By Amy F. Goodmann

Pay your fair share of taxes and not more. You should be a responsible adult, pull your weight and not shirk your responsibilities. But why overpay your taxes.

There can be a number of reasons – or rationalizations. First a person may want to stay on the right side of the IRS. Why draw concern and attention. So what if I overpay a bit of taxes. At least I will sleep soundly at night. First of all it is highly unlikely that you are going to receive any due consideration or appreciation from the I.R.S. when trouble comes your way. Best not to stay up late waiting for the congratulatory letter from the I.R.S. It’s analogous to the bank who called in a customer for a late payment. The customer asked how much owed – the banker answered $ 1000. The customer reminded the banker (to no avail) that the previous month he had a balance of $ 10,000 in the bank and lost no sleep over it. The banker was not impressed with the debate and arguments made and demanded payment all the same.

If you shop at Wal-Mart do you pay $ 15 for an item that is charged at $ 10? The same holds true when paying taxes. You may say that it is a forced saving. It may well be true that if the money was not held in trust by the IRS you would have no money saved. However two points – first the fact that you are reading this article testifies that you have an interest in not paying extra money for taxes and as well wish to keep or hold onto to more of your money rather than giving it away. In addition at least a bank will give you some interest whereas the IRS will not give you a nickel of interest or consideration even though they held onto your money unnecessarily/ if it is a large sum of money the interest rate can be considerable.
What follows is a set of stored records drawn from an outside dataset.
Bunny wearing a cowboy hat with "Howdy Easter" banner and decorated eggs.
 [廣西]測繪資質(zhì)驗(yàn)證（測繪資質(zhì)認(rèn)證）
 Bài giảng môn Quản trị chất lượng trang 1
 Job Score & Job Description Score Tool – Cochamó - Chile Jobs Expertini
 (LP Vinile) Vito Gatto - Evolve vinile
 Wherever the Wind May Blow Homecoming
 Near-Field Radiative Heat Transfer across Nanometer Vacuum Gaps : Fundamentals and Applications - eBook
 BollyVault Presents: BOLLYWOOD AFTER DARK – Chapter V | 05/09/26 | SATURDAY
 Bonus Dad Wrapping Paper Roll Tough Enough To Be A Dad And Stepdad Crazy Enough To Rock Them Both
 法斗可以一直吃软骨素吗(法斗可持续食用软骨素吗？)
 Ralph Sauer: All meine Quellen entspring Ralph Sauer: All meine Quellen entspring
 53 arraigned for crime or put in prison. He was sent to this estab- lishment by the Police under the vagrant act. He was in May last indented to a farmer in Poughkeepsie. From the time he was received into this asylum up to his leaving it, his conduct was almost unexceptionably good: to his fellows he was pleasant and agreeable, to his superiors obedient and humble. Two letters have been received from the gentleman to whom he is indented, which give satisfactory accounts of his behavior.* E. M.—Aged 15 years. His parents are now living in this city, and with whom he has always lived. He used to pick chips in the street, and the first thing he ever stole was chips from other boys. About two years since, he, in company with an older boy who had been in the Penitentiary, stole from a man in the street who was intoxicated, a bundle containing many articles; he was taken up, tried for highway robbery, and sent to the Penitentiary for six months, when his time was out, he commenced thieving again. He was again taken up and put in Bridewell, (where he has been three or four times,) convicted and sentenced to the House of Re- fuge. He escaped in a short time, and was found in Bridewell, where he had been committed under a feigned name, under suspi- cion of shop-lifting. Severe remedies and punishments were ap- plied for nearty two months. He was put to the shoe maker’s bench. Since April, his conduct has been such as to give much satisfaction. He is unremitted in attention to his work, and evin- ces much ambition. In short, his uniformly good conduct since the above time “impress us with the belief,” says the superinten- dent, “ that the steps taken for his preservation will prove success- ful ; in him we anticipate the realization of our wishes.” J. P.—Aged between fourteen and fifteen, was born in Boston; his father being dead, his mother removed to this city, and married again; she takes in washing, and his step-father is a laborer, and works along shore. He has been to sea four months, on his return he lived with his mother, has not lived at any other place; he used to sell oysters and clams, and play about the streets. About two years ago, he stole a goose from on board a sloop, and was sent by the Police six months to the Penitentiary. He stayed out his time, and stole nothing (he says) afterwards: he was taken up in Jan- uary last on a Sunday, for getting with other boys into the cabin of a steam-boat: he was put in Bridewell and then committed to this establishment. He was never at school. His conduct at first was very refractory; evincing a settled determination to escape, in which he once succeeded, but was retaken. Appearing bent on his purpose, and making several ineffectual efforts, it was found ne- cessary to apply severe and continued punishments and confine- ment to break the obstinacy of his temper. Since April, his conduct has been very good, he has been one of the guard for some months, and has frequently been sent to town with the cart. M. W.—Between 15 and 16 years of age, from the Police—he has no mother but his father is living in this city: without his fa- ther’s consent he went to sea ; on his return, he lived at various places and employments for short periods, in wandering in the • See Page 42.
In addition if the money is held in a banking account this can directly influence your credit record in a positive way. It is highly unlikely that the IRS will file a report to the banking and credit industry counting up your tax overpayment as a positive note to add to your credit rating. Actually if any financial expert examined your tax payment surplus position they might deduce that you do not manage your money and finances well.

If you want to save money for the future – then save money in a standard old fashioned standard tried and tested way. Simply deposit a regular amount into a saving account at your bank or credit union. Alternatively you can “pay yourself first”. Have your bank or financial institution simply deduct a predetermined amount from your main bank account on a regular basis. It’s painless. What you do not have you will not spend.

The power of compound interest is staggering. You will be amazed at how this saved money will grow. Lastly you will have reasonably ready access to your funds as in the case of a family or auto emergency. Sitting as a surplus in an IRS account means that you will have to wait for the IRS to process your funds before sending you that check.

If you are a business owner, forced to pay tax in bi- annual or quarterly payments then the situation is even more abusive to your tax payments. The extra surplus payments to the U.S. will not only not be paid interest but also may be money borrowed from the bank, credit union or finance company. Talk about adding insult to injury. Not only is the IRS not paying you interest on the overpaid taxes but you are directly paying interest charges for loaning that same cash.

All in all we all have a duty to pay our taxes. However it is not wise and can be downright foolish to overpay taxes. It is really not to our financial or credit benefit.